§ **Given data**:

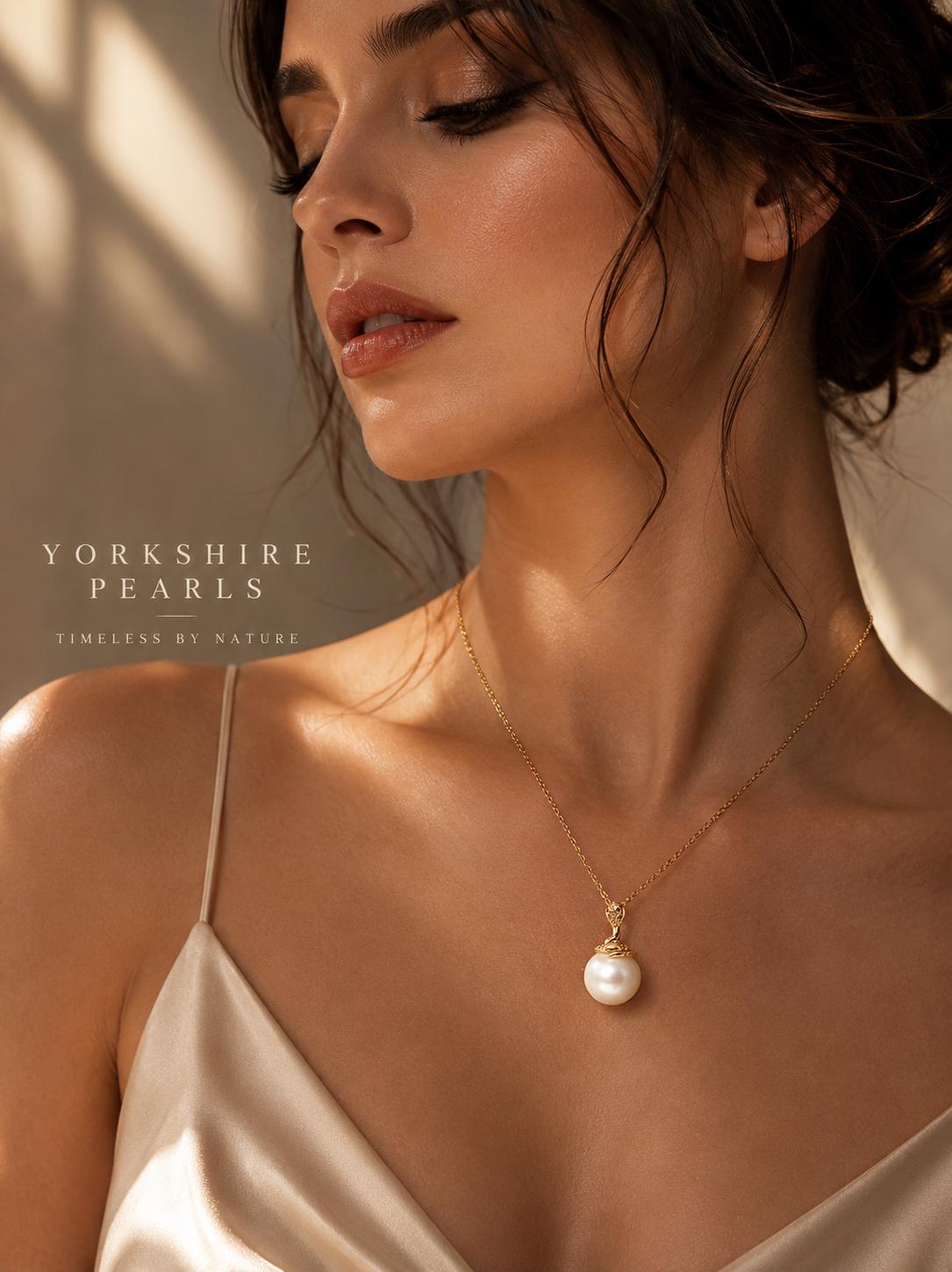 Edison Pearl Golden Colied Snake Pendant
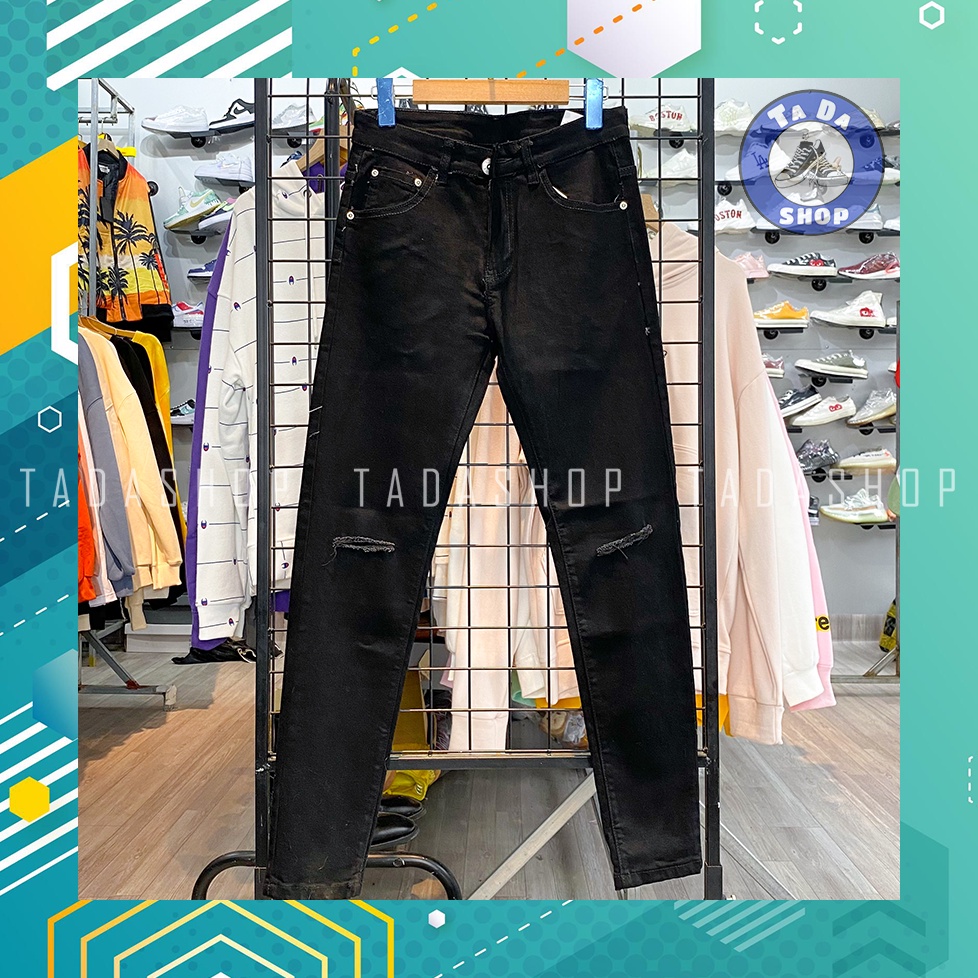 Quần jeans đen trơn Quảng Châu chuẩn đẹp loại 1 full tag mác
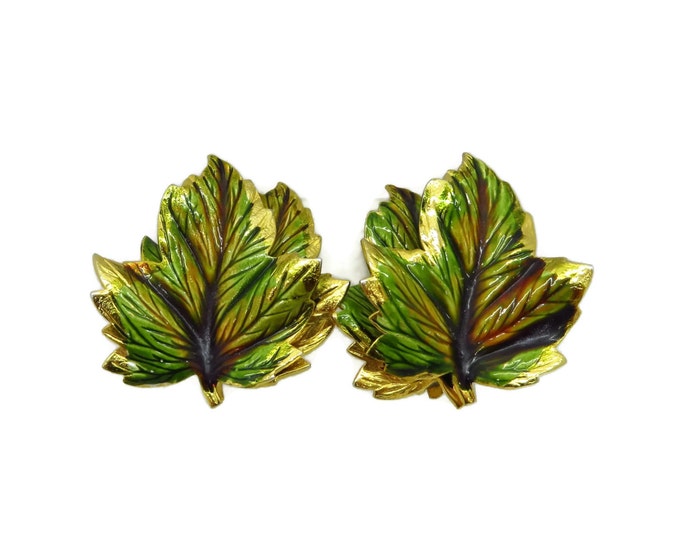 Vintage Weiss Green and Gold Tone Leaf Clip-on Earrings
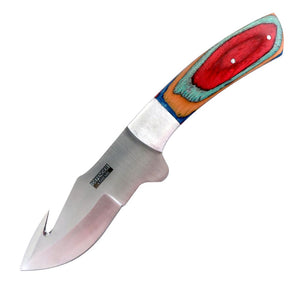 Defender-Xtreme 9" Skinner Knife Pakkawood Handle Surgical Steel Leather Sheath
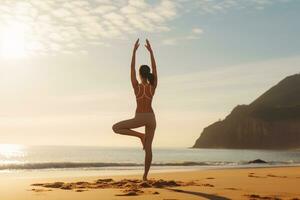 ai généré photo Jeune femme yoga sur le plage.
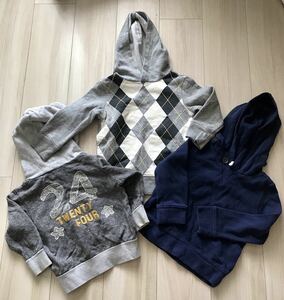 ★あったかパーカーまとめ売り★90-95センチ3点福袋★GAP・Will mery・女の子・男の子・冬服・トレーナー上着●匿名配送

...

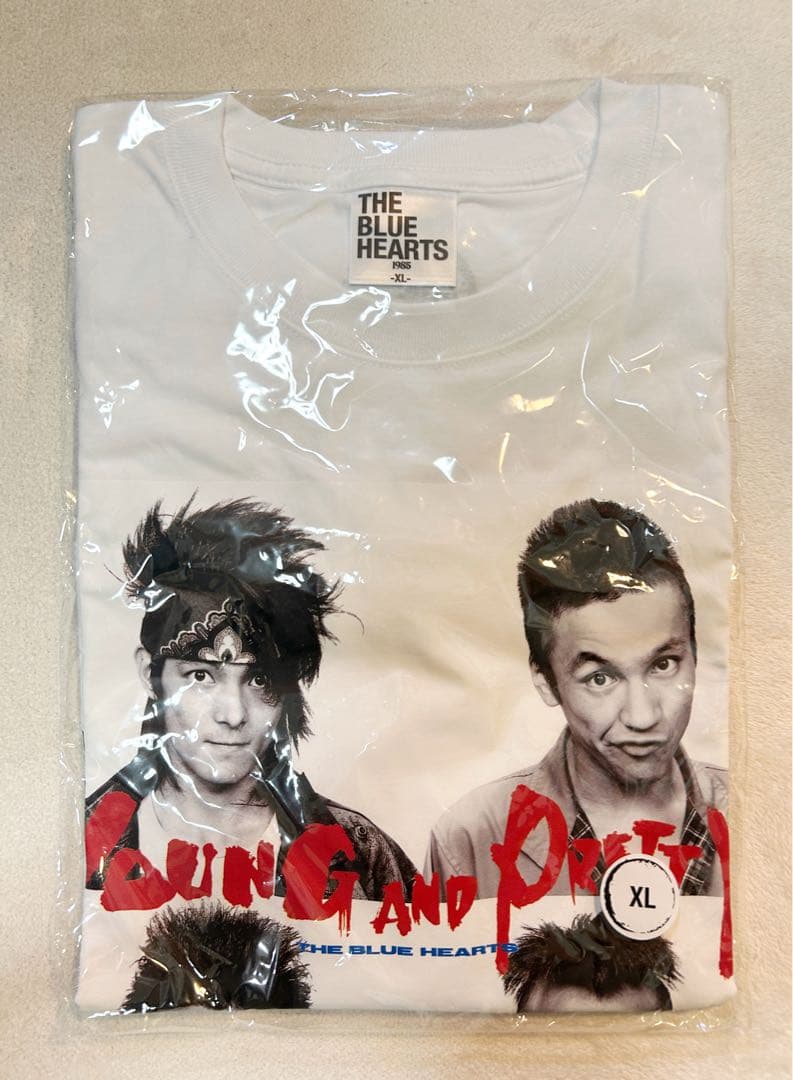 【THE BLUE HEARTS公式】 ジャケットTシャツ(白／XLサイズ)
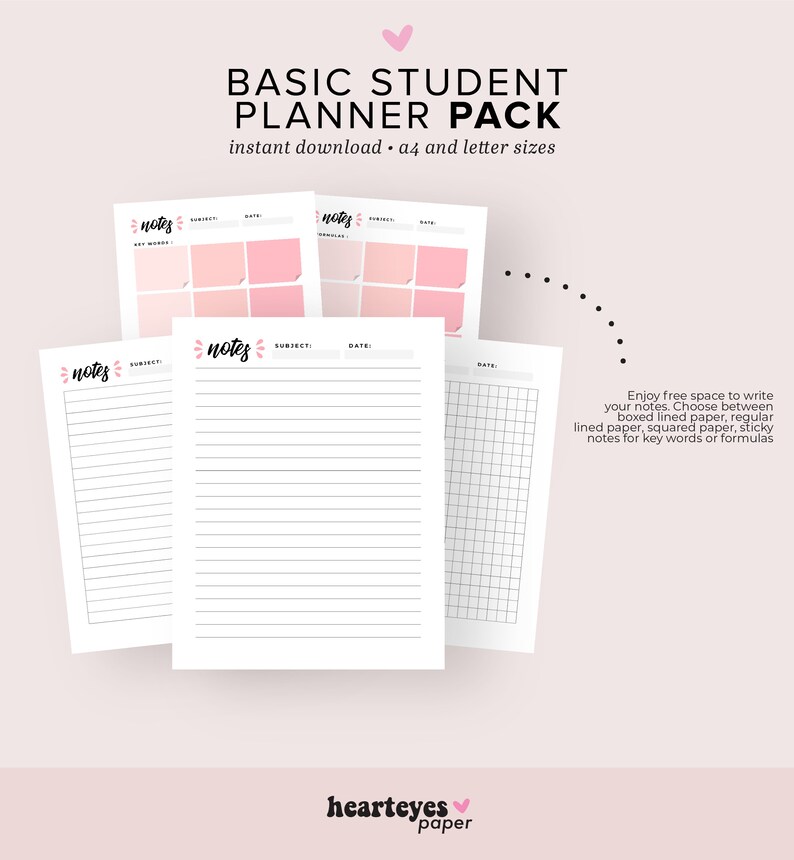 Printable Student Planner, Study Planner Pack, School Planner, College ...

§ **Your goal**:
Give back exactly, and solely, the section of the data above bounded by the line containing "BLUE HEARTS公式】 ジャケットTシャツ(白／XLサイズ)" and the line containing "Printable Student Planner, Study", both bounding lines included and pictures omitted.

§ **Answer for this exercise**:
 【THE BLUE HEARTS公式】 ジャケットTシャツ(白／XLサイズ)
 Printable Student Planner, Study Planner Pack, School Planner, College ...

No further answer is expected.